Tuesday, December 30, 2008


Been planning to write this post down for so long, finally did. The title is courtesy Kaushik da, which so aptly describes in a word what i'll take an entire post to.

Somehow or the other, I just couldn’t manage to take a vacation back home to Calcutta in more than 2 years. I finally went there this pujas. Once there, I realized it was a bad idea to be in Calcutta during pujas as the entire city is out on the street. It’s one big carnival, a big orgy of people on the streets, all dolled up with particularly nowhere to go but from this end of the town to the other visiting pandals. Which needless to say is not exactly my idea of fun in Calcutta. So there I was, in the middle of it all, and hoping for it to pass. Which it did after the four days of pujas and I got my city back. Just the way I like it, or should I say the way I liked it. Call me a little hung-up or whatever but I have forever been a fan of the Calcutta of yore, of the old Victorian charm, which already was in it’s way out while we were growing up.

I had planned to write my next post on the old Bungalows or ‘Baadis’ of my locality in particular and of Calcutta in general. I have grown up in Elgin Road, which they now insist on calling Lala Lajpat Rai Sarani. Elgin Road, sourrounded by Bishop Lefroy Road, Lee Road is now one of the most so called ‘happening’ part of Calcutta what with ‘this’ mall and ‘that’ shopping complex sprouting all around. The only old baadi left on Elgin Road is house no. 38/2. The house of Subhash Chandra Bose, now known as Netaji Bhawan. And the only reason it’s standing intact and preserved is because it is now a museum and a tourist spot. It’s the house from where Netaji escaped to his freedom, with the dream of India’s armed struggle. A dream which was lost. Much like the world which Elgin Road was. Other than Netaji’s House, this locality was dotted with old bungalows, each one grand and beautiful in it’s architecture. Baadis like Rajabadi, Lal Kuthi, Phoolbadi with their Buicks(mostly left as a showpiece only) or Fiats parked were such a delight to the eyes. Reminiscent of a world gone by. A world I am so romantic about. I wanted to take pictures, but there remains nothing to click, but ugly vertical buildings in their place, all bought over by land-sharks and converted into ugly multiplexes and Shopping Complexes, or ‘flats’(The word itself is so uninspiring, isn’t it?!). The families who lived in these buildings have lost their sheen much like the buildings they owned, so they were forced to sell them and move into the oblivion of Calcutta by-lanes, making room for the neo rich of the city.
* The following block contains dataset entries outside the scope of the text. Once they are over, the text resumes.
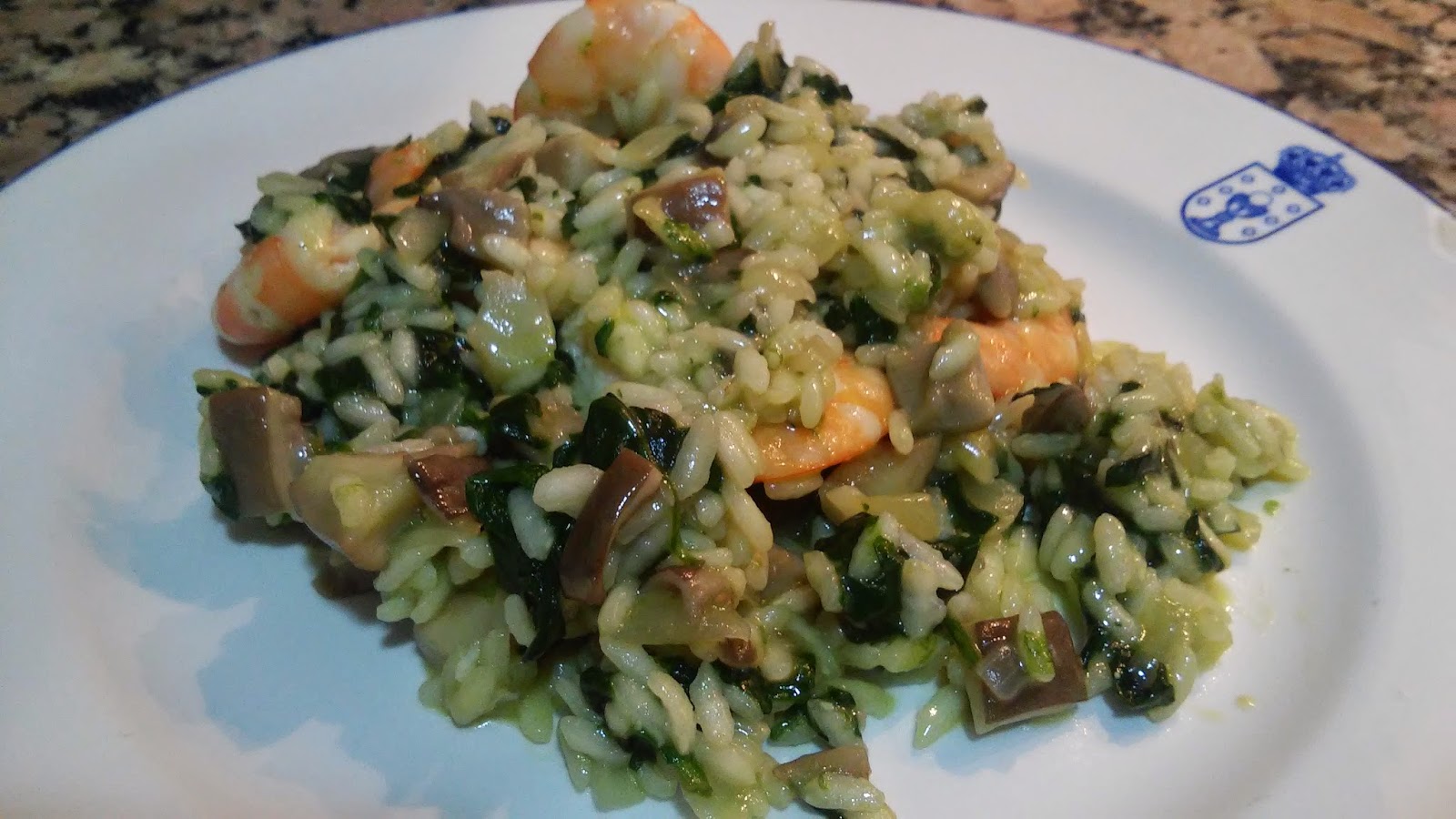 MI COCINA PATAS ARRIBA RISOTTO DE ESPINACAS, SETAS Y GAMBAS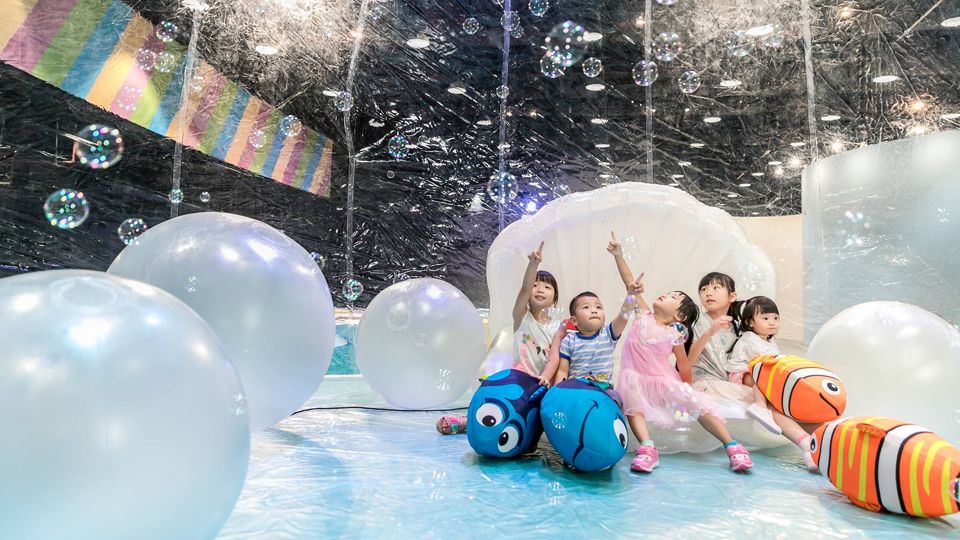 《瘋狂泡泡實驗室》最新少女打卡展覽！浴缸球池、多款夢幻裝置詳細介紹
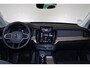 Volvo XC90 T8 Recharge AWD Plus Bright - Panorama/schuifdak - IntelliSafe Assist & Surround - 360º Camera - Harman/Kardon audio - Adaptieve LED koplampen - Verwarmde voorstoelen, stuur & achterbank - Parkeersensoren voor & achter - Elektr. bedienb. voorstoelen met geheugen - Head up display - Draadloze tel. lader - Extra getint glas - 20' LMV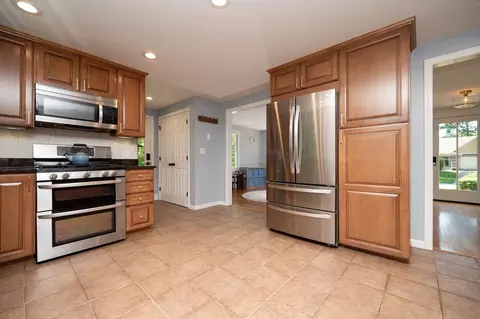 3 Eileen Rd, Norton, MA 02766 photo 5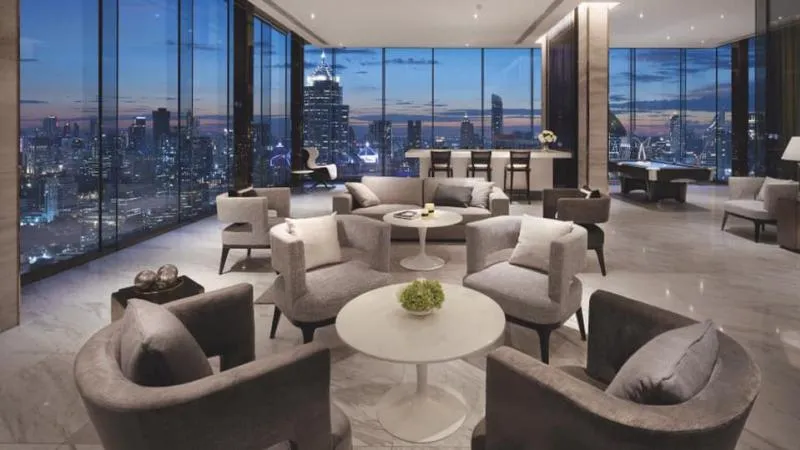 Urgent ++ for rent, Condo Q Sukhumvit, 2 bedrooms, 17th floor, elegant decoration, fully furnished, close to BTS, do not miss it.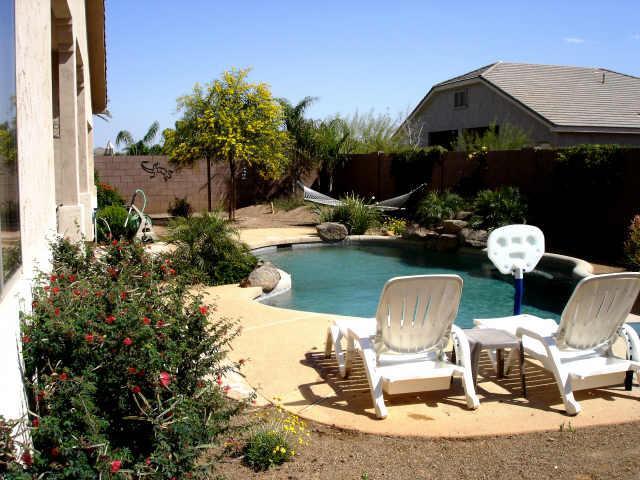 1075 E Prescott Pl., Chandler, AZ 85249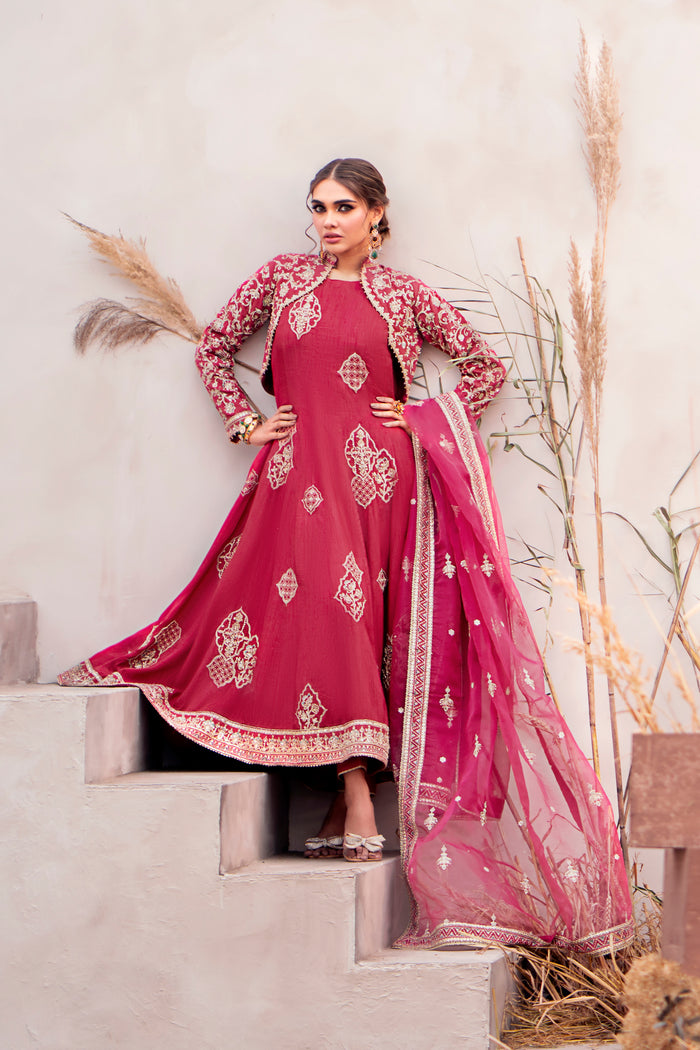 Naqshi Samar organza dupatta laid flat to display embroidered & sequin border with four‑sided geometric pattern and delicate lace edge.
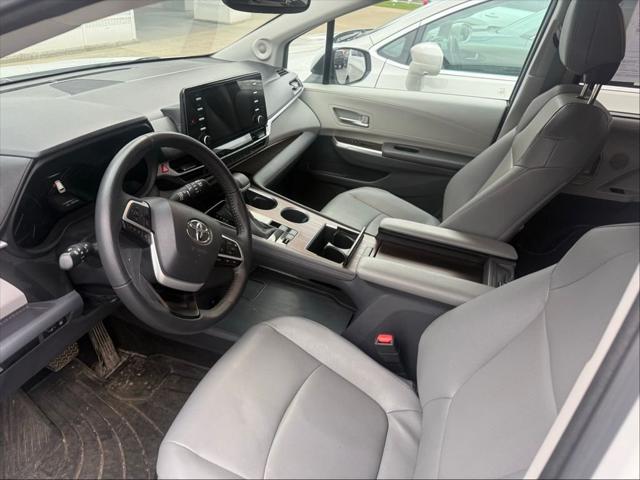 2023 Toyota Sienna XLE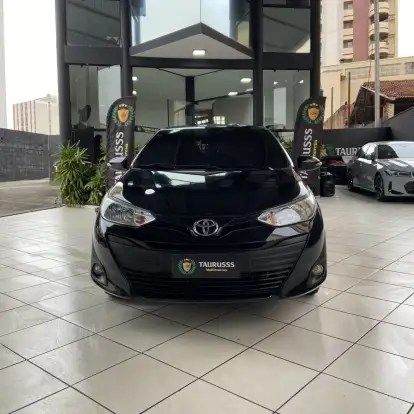 TOYOTA-YARIS-1.5 16V FLEX SEDAN XL PLUS TECH MULTIDRIVE TOYOTA-YARIS-2018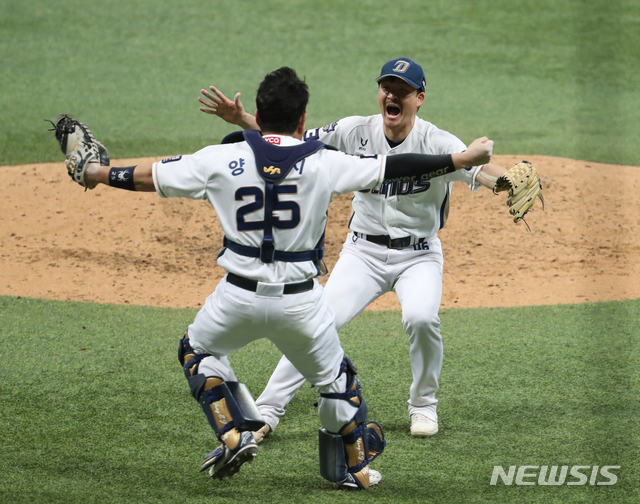 [서울=뉴시스] 고범준 기자 = 24일 오후 서울 구로구 고척스카이돔에서 열린 KBO 한국시리즈 6차전 NC 다이노스와 두산 베어스의 경기, 4-2로 우승을 차지한 NC 다이노스 선수 양의지와 원종현이 기뻐하고 있다. 2020.11.24. bjko@newsis.com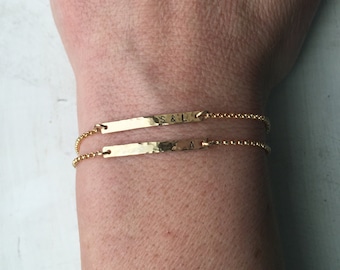 Skinny Dainty Gold Bar Bracelet, Bijoux bar personnalisés, Simple Everyday, Thin Initial Layering Bracelet, Hand Textured Bar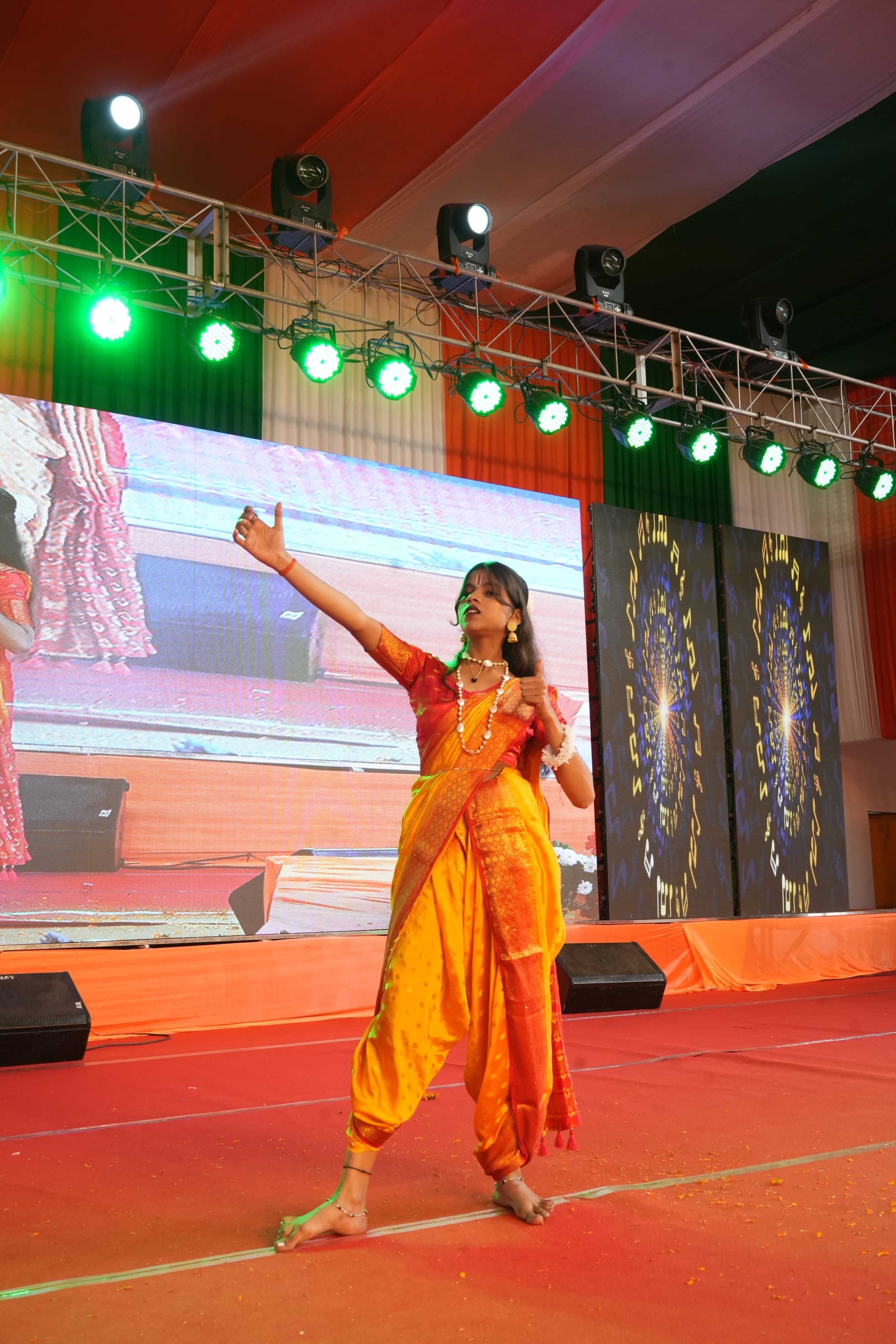 महोत्सव मंच पर निर्गुण त्रिधारा भक्ति उत्सव के तहत कार्यक्रम प्रस्तुत करती कलाकार-संवाद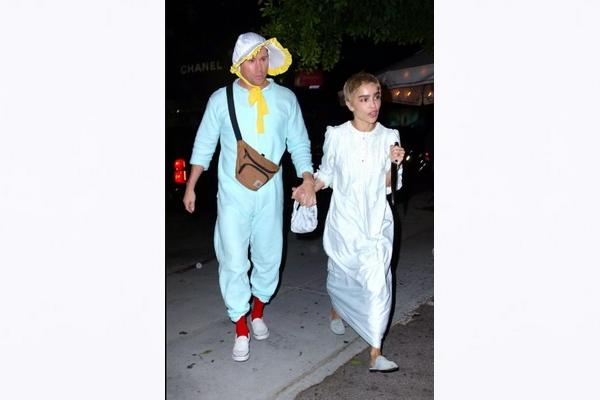 Zoe Kravitz Mengenakan Cincin Pertunangan dari Channing Tatum ke Pesta Halloween Kendall Jenner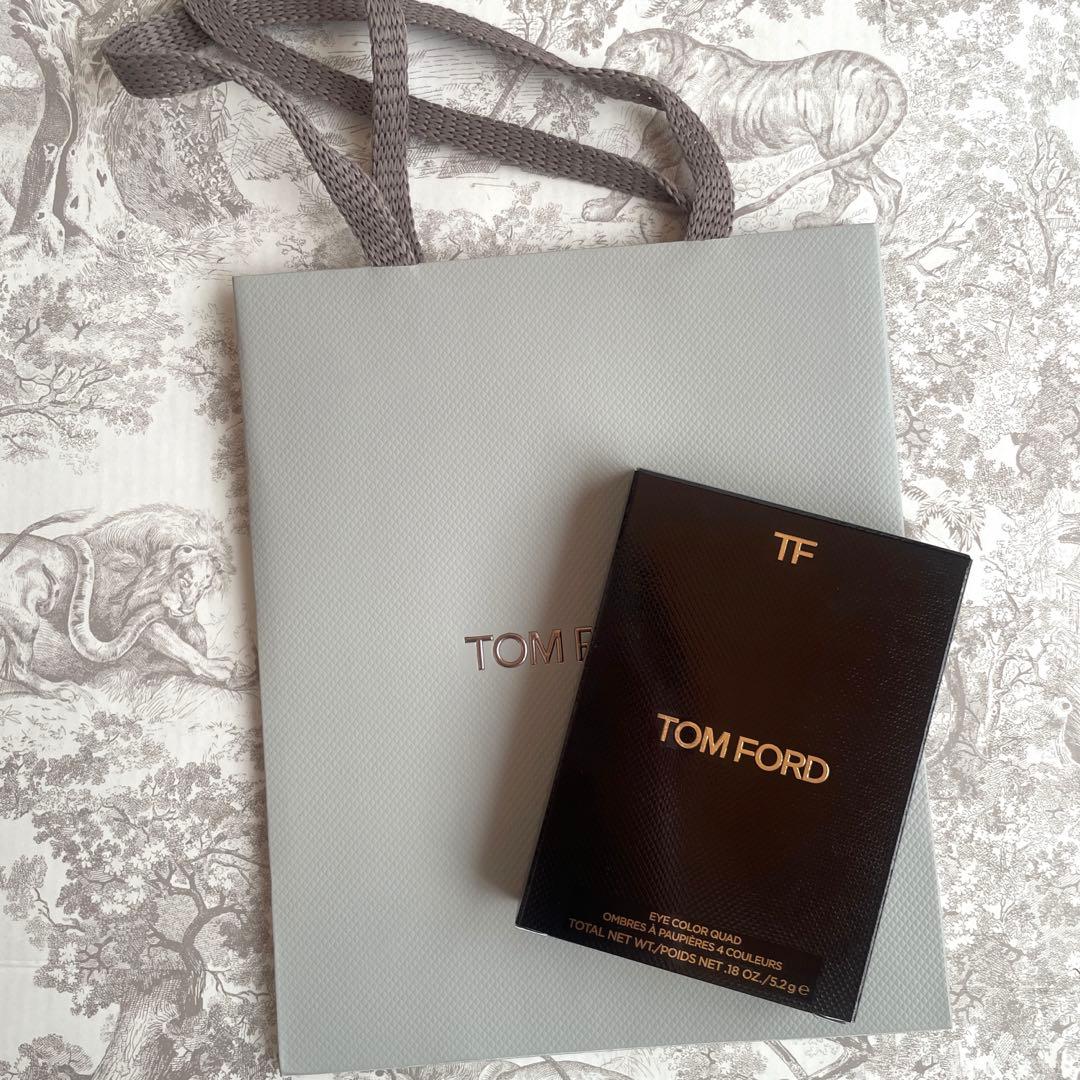 新品未開封　トム フォード ラグジュアリー アイシャドウ　48 ピーチ グラマー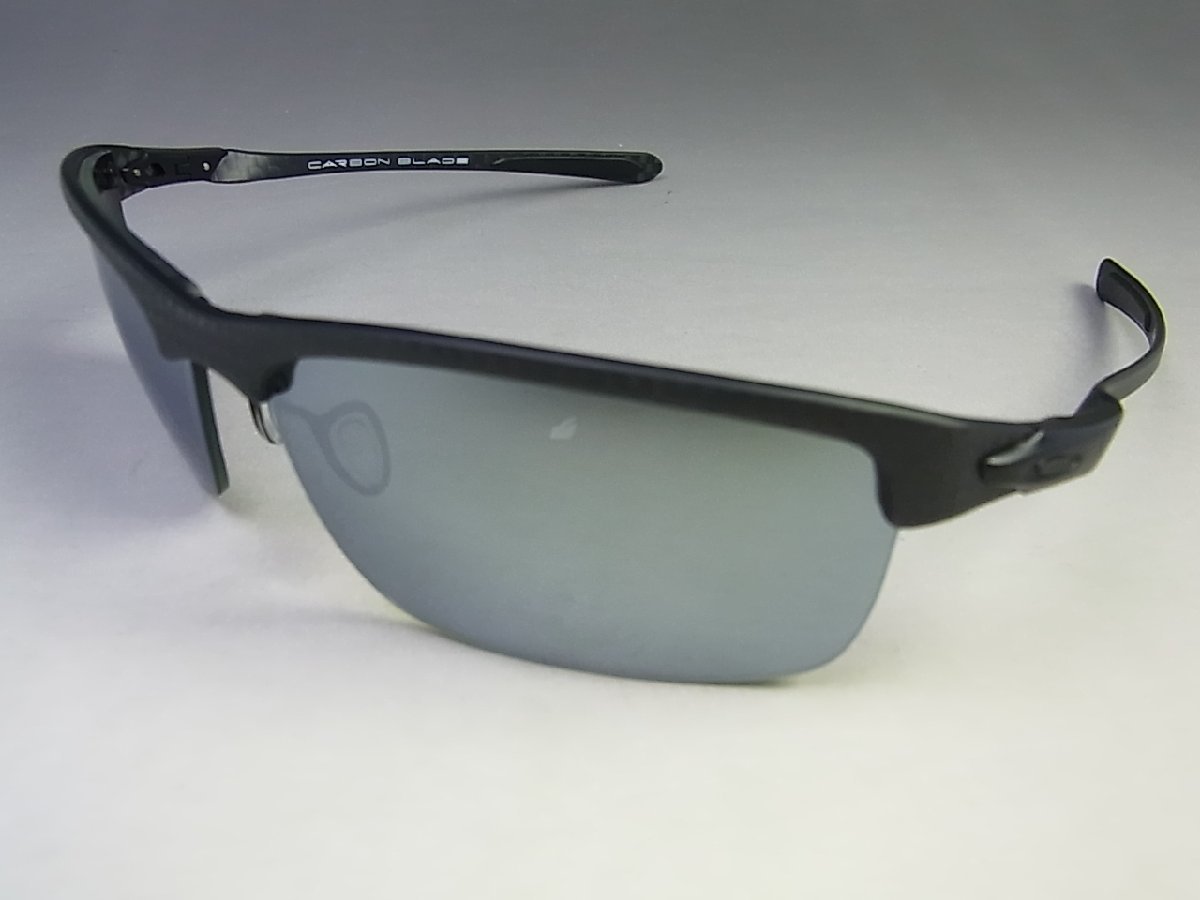 Oakley Carbon Blade　OO9174-0966　オークリー　カーボンブレード　¥71,500-　Prizm Black Polarized　Matte Carbon Fiber　_画像2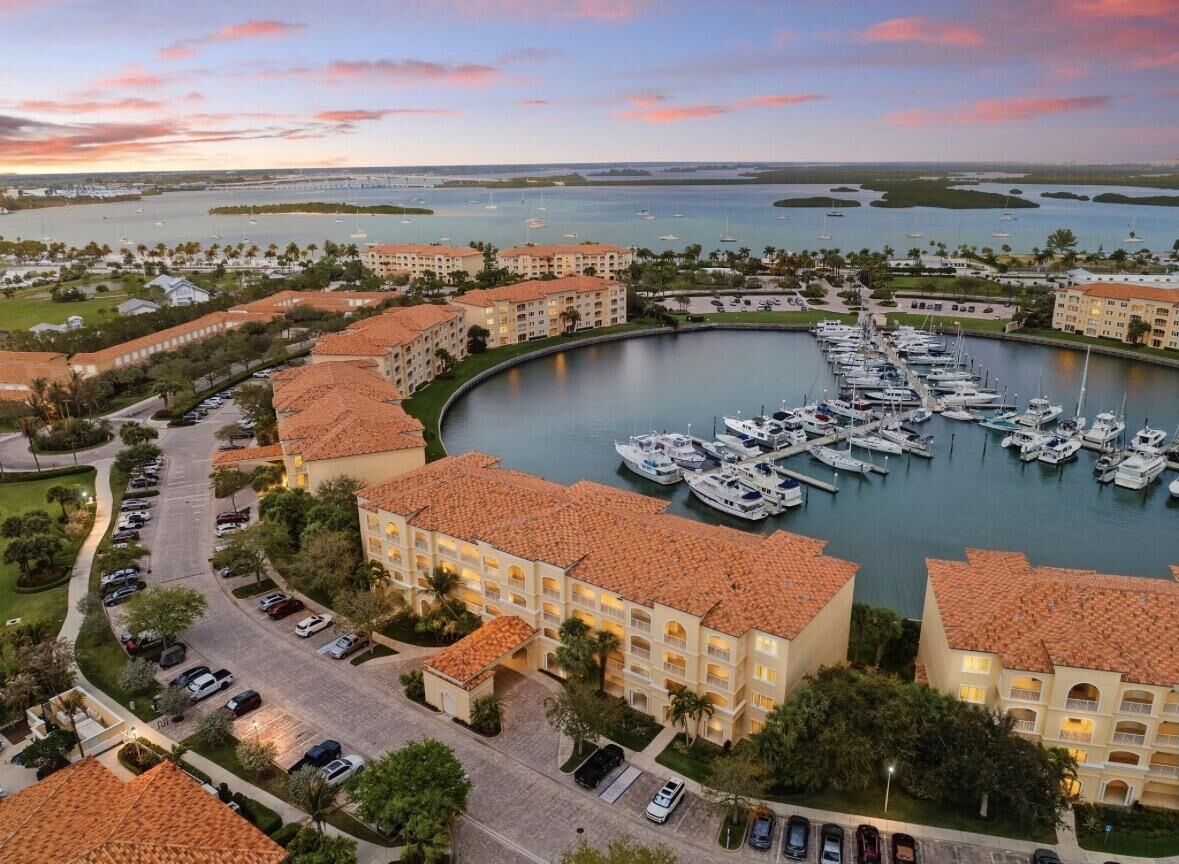 Property Photo:  14 W Harbour Isle Dr Drive W 106  FL 34949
Calcutta is going through a weird time, a weird phase, one which is torn between the old and new. At one side, it is as dirty and as unorganized at it could be, and on the other side, the malls are mushrooming, the misery and grandeur lives side by side, rather uncomfortably. The city doen’t have the flamboyance of Delhi, or recklessness of Bombay, which ends up making it a nowhere land at the moment. That certain something, which is so Calcutta, which is hard to put down in words, in phrases, is getting lost. In its reckless quest to become a global city its losing its charm, its identity, its character. And what is a city without a character!

I had planned to photograph the old ‘Baadis’ of Elgin Road, along with this post, but then, none are left to be.